Pretty much all of us have seen those little remote controlled helicopters; douchebags in slacks sell them from kiosks in malls, buzzing people with tiny Airwolfs in an attempt to get them to shell out $50 for something that will likely be boring 20 minutes after you get home, if the batteries last that long. They are little more than a really cool little novelty item.
Except that scientists have been playing with them, and they are now paving the way for machines to just simply not need us. I wrote last year about the amazing unmanned vehicles the military is working on and/or using to keep our soldiers from getting shot at, but these little guys are being turned into autonomous work horses, and since there will be more of them, they are more likely to decide, as a group, that they no longer need us. Okay, maybe that is a bit over dramatic, and maybe we should just be happy that the robot housekeepers the 1950s promised us are on the horizon.

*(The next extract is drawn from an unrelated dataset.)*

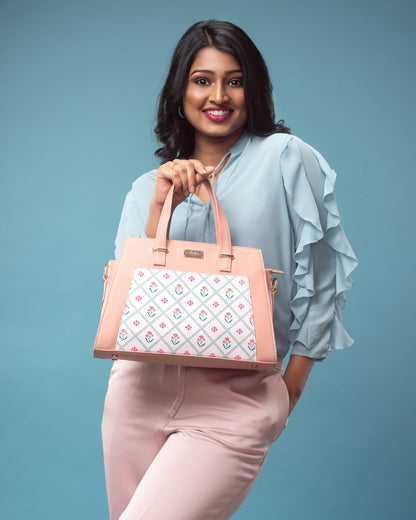 Coral Blossom Handbag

For instance, take these little guys into account:
That is a quadcopter autonomously building a tower out of prefabbed parts. They can also cooperate to lift and move objects that one would not be able to lift on its own, and change their angle of flight to go through windows. And the latest trick has been to make them swarm and coordinate like insects. Smart, cooperative insects:
This is a huge leap for robots, allowing them to act together to accomplish a variety of tasks that may someday allow for some amazing structures to be built without risking people.

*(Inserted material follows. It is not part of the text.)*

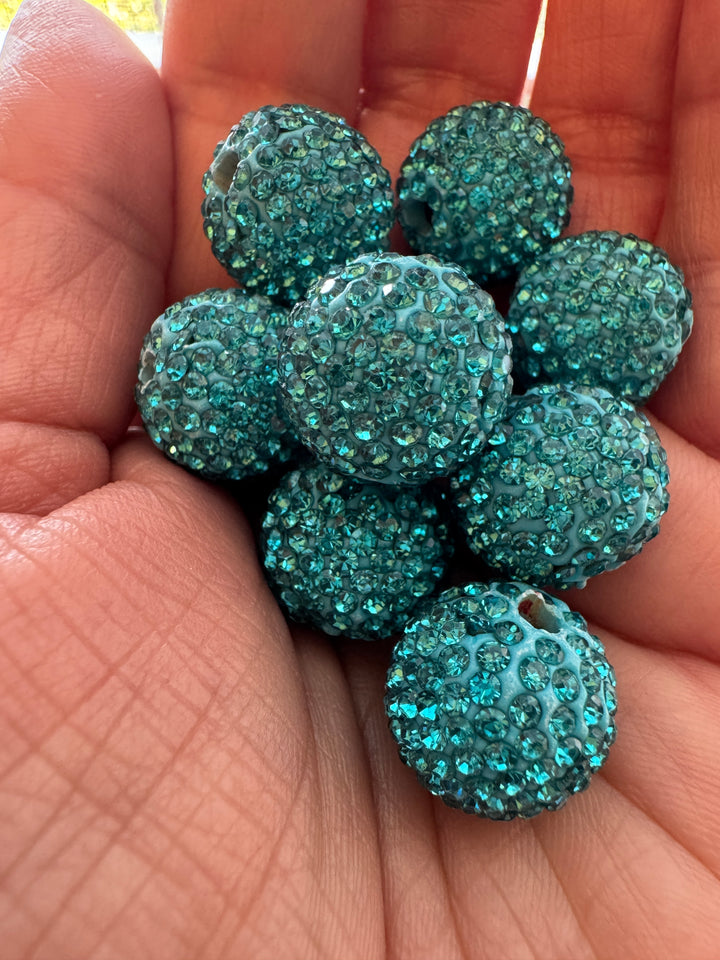 Teal Rhinestone Clay Base Beads-16mm - 10pc.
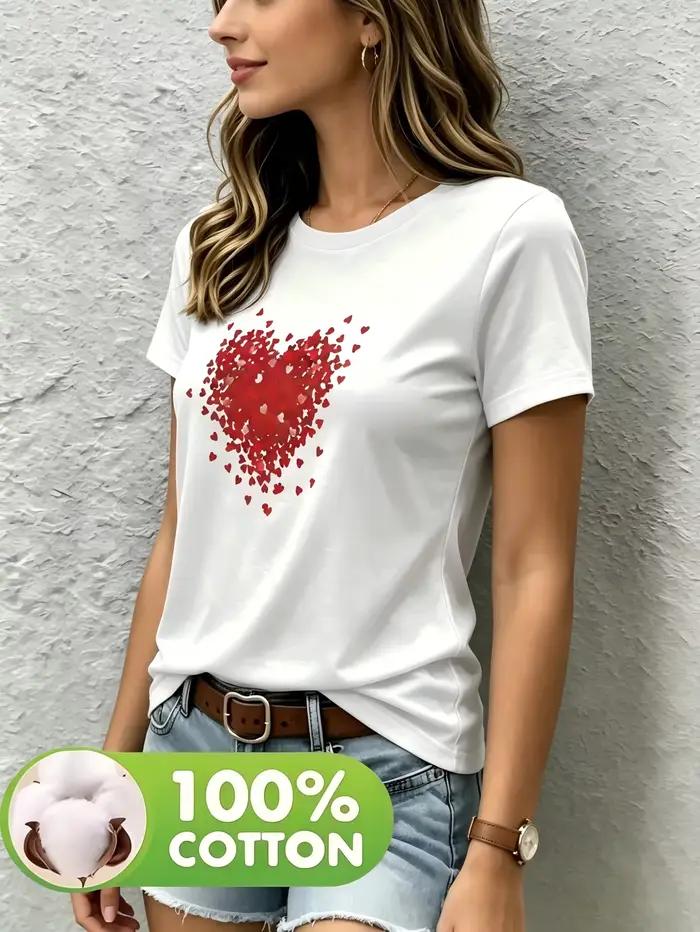 T-shirt à col rond imprimé de couleur unie pour femme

And, of course, the military wants a piece of the tiny drone pie. Not only do they want to be able to manufacture drones that aren’t necessarily the multi-million dollar creations that the Crusher and Reaper currently are, but they also need small vehicles capable of doing reconnaissance and at least the search part of “search and rescue”. Now, imagine robots like this, armed, hunting down terrorists, flying in formations hunting forests, mountains, even cities, all networked together working toward the same goal. I guess Minority Report was oddly prophetic.
Although once again, reality kicks fiction right in the groin, because flying quad-copter robots are infinitely cooler than little 3 legged spiders.